A hard “elecxit” that sees the UK decoupled from EU’s internal energy market could cost consumers in Great Britain roughly £270 million each year, a new report from the UK Energy Research Centre (UKERC) has cautioned.

The study, conducted by researchers at Imperial College London, says if the UK crashes out of the EU without a deal or with third country status, inefficient energy trading could lead to a substantial increase in generation costs.

“Electricity traders sometimes make mistakes, and they know it,” the report explains. “To reduce the expected cost of mistakes, risk-averse traders scale back their actions when the direction of trade that maximises profit is unclear.”

Prior to the coupling of electricity markets in Europe, different market closing times forced traders to buy or sell based on anticipated, rather than actual, prices.  With traders guessing the price of electricity, errors were made, capacity went underused and electricity flowed in the wrong direction up to a third of the time.

The report says reverting to the old system would bring the return of large trading errors.
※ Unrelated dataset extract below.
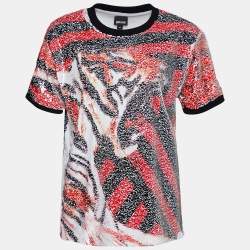 Roberto Cavalli Multicolor Animal Pattern Sequined Crew Neck Top M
But the growth of intermittent renewables could mean these errors are both larger and more common.

It estimates that generation costs in France and Great Britain would rise by £500 million per year – or 1.5 per cent of the total market value. The majority of these extra costs – £270 million – would be borne by British consumers.

Source: Elecxit: The Cost of Bilaterally Uncoupling British-EU Electricity Trade, UKERC and Imperial College London

“EU rules prevent electricity traders from buying expensive electricity in France and selling it at a loss in Britain,” said report author and professor of sustainable energy business Richard Green.

“With a no-deal Brexit, traders could take back control and make bigger mistakes than in the past.”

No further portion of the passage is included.